Very pleased to be able to share that my piece Ueno Zoo has been published at Fugitives & Futurists, an exciting new lit journal out of the UK.
Wrote this while watching nature documentaries and reading Kafka’s Lost Writings but also while holding in mind a couple of pieces I wrote a few years ago, specifically Then God and Economies of Scale. I love the image that accompanies the piece, it matches the intent perfectly.
With thanks to Andrew.
I’m very pleased to have a new piece in the November 2020 edition of RIC Journal titled The Dead Man’s Gift.
The Dead Man buys birds, the pandemic continues: New South Wales has had eleven days with no reported community transmission of Covid, Victoria has had 20 days straight of no new cases, SA has just entered full lock down.
Thanks, as always, to Saudamini.
I’m pleased to be able to report that my poem The Dead Man’s Unpaid Debt has been published in the October 2020 edition of RIC Journal.
This piece continues the Dead Man project, which has also, over time, become a RIC project – actually, I don’t know that any other publication has published any Dead Man…
Anyway, because it is also a RIC project, it means that regardless of how much – or little – I’m writing in a month, I am obliged to track the path of the Dead Man. Seeing where he ends up, and how, the mischief he makes, the lies he tells, is always a delight. For this I am very thankful to S.
My poem Untitled (Daydream of the Dead Man) has been published in the September 2020 edition of the extraordinary RIC Journal. The Dead Man feeds stray cats and daydreams about escaping all of this – like the rest of us.
Give to your rowdy boys doves for pets
No, a couple of glittering peacocks
With thanks, as always, to S.
Quick post to announce the full release of Full Stop Podcast Episode #9, in which Kyle Coma-Thompson and I talk about our book, 926 Years, Sublunary Editions, how we met and more.

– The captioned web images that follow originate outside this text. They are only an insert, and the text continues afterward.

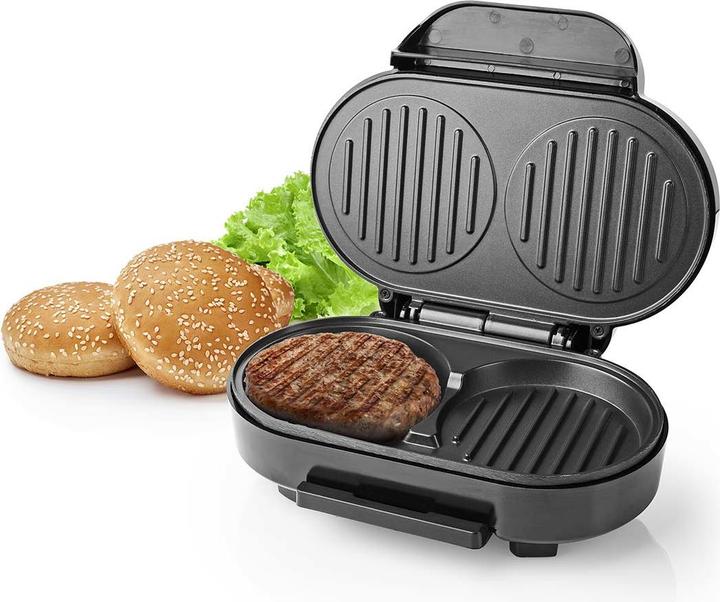 Produktbild Nedis Hamburger Macher | 1000 W | 10.5 cm | Automatischer Temperaturkontrolle | Kunststoff / Metall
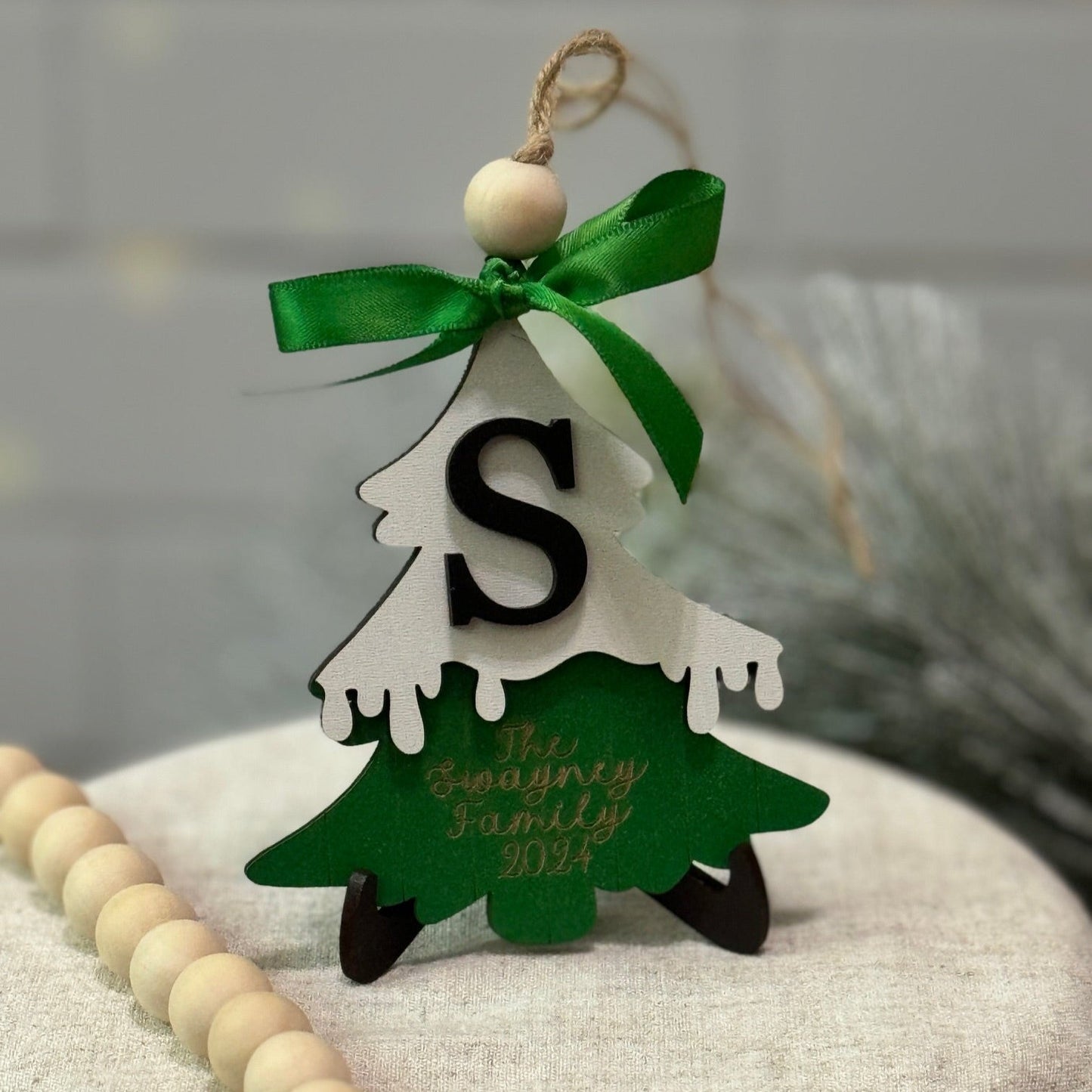 Personalized Christmas Tree Monogram Ornament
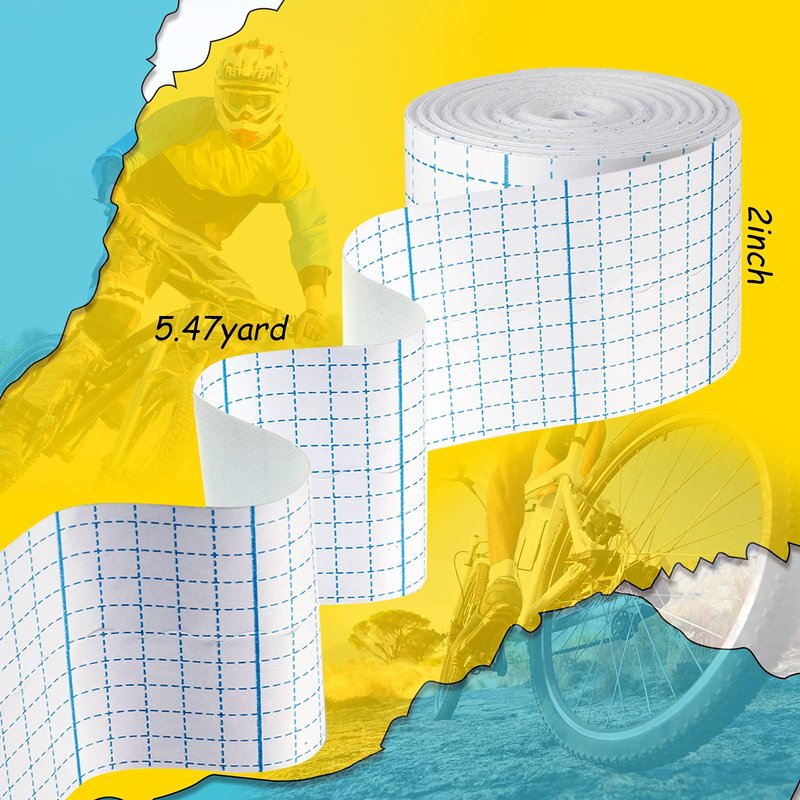 Nuanchu 4 Rolls Non-Woven Cover Roll Stretch Tape Non-Woven Adhesive Bandages Breathable Bandage Tape Cohesive Wrap Bandages Protective Stretch Bandage Film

I wrote about the podcast episode and how it came about.
Listen over at Full Stop.
With thanks again to Max and Jesse.
I have new Dead Man in the August 2020 edition of the enigmatic RIC Journal.
The Dead Man waits. The gods sip tea. The pandemic continues.
With thanks as always to S.
My poem The Video of the Dead Man has been published in the July 2020 edition of RIC Journal.
The Dead Man waves. The pandemic continues.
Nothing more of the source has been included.